Work instructions:
Your reply must contain the lines from the one with "Location : remorque Location : remorque" through the last line of the material, exact and complete, with no pictures and no other text.

■ ■ ■ ■ ■ ■ ■

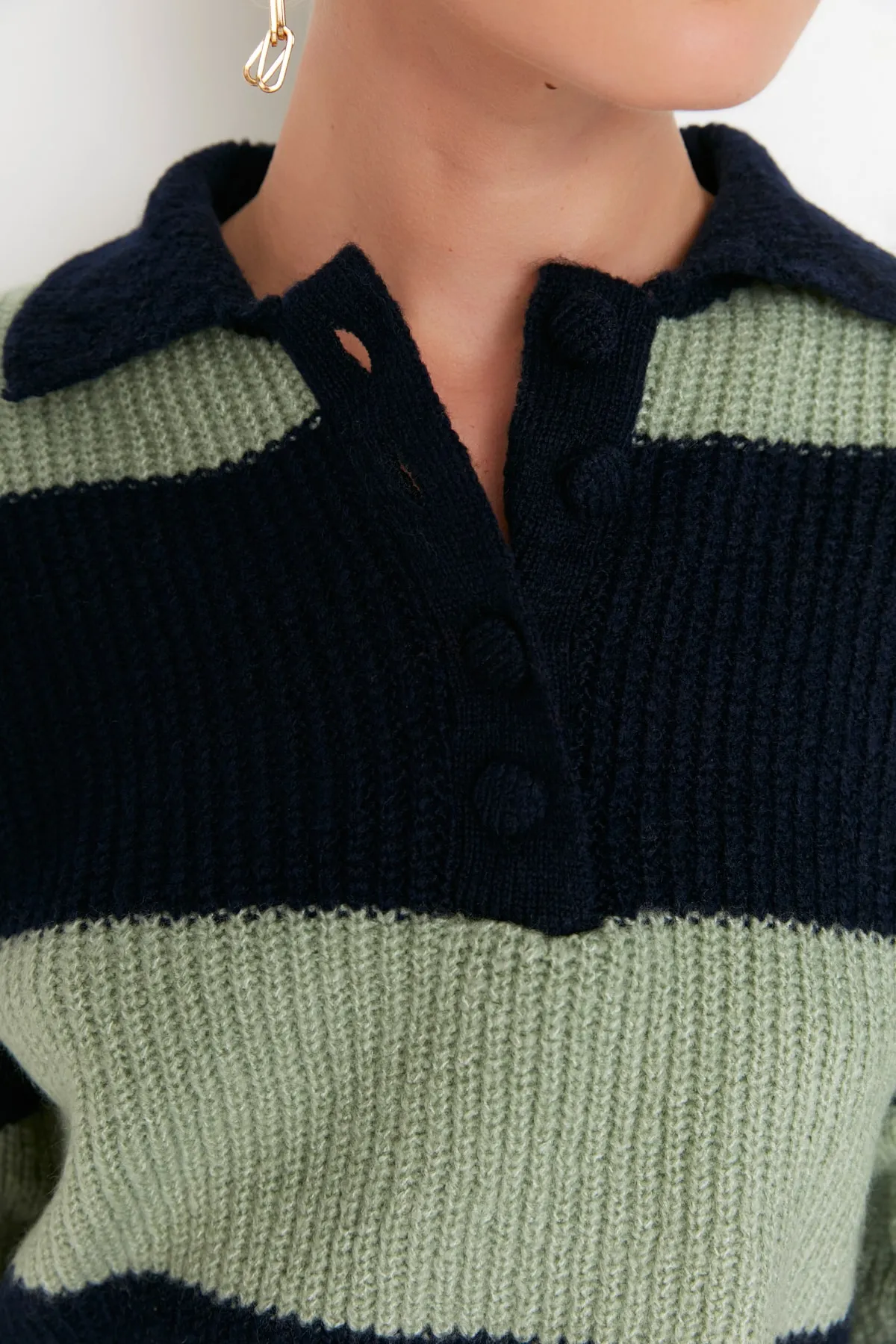 Trendyol Collection  Marineblauer Strickpullover mit weicher Struktur und Farbblockdesign TWOAW22KZ0226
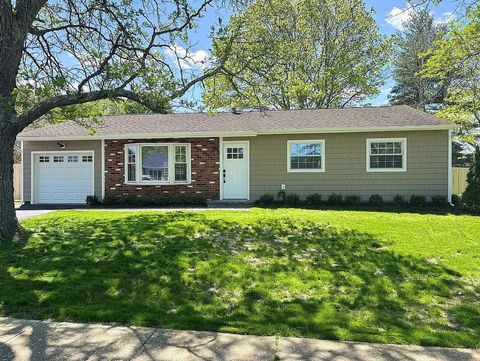 86 Inverness Road Holbrook NY 11741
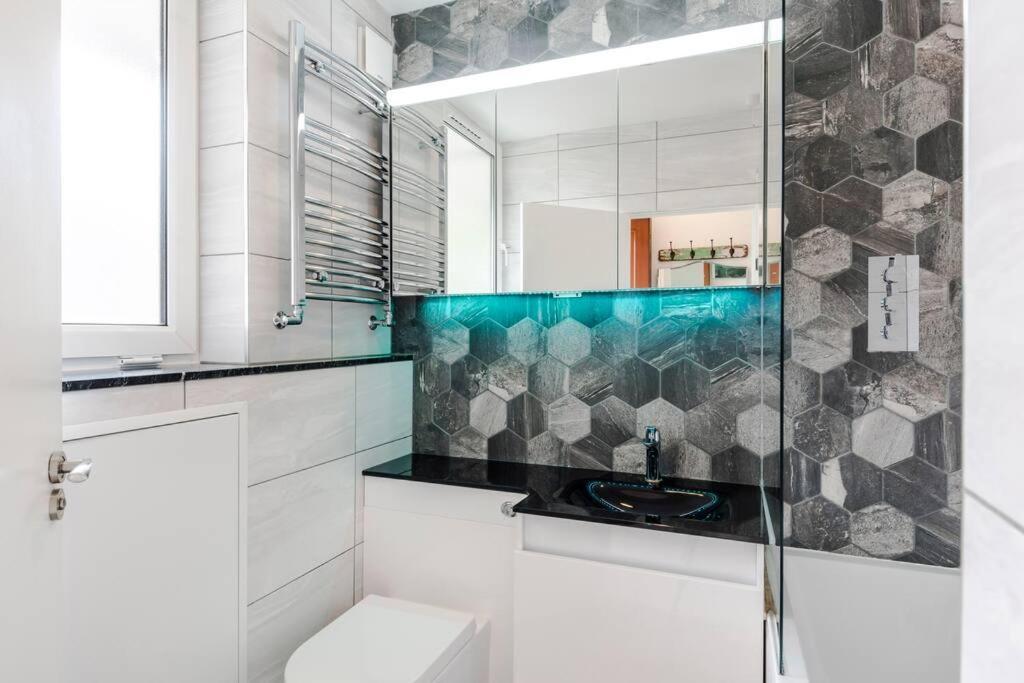 The Clarence, Central London Apartment W/ Wifi Exteriör bild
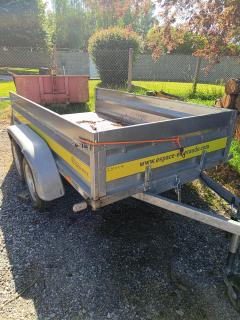 Location : remorque Location : remorque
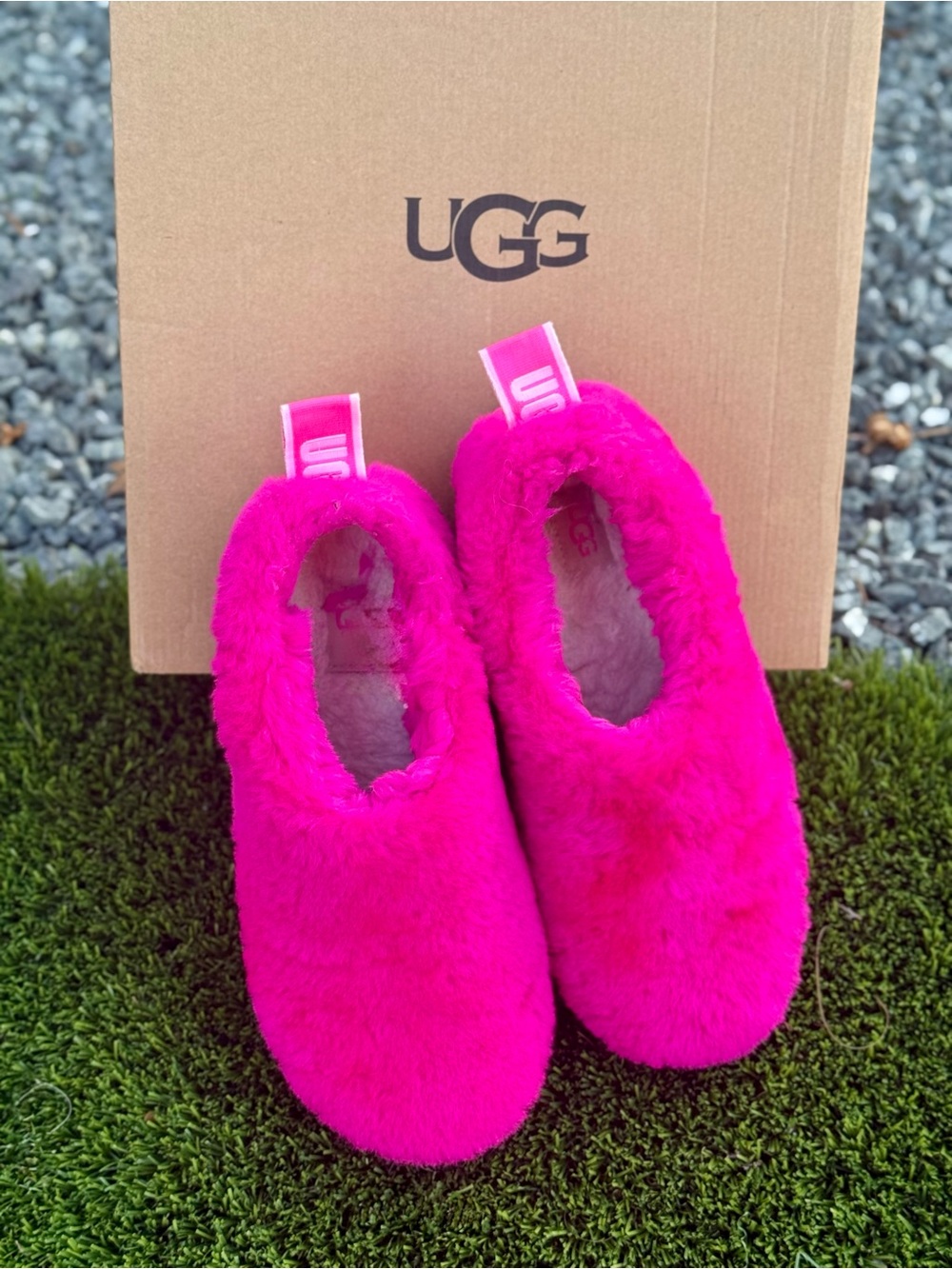 UGG Women’s Classic Cozy Shearling Indoor/Outdoor Slippers in Rock Rose Pink Sz9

■ ■ ■ ■ ■ ■ ■

Answer space:
 Location : remorque Location : remorque
 UGG Women’s Classic Cozy Shearling Indoor/Outdoor Slippers in Rock Rose Pink Sz9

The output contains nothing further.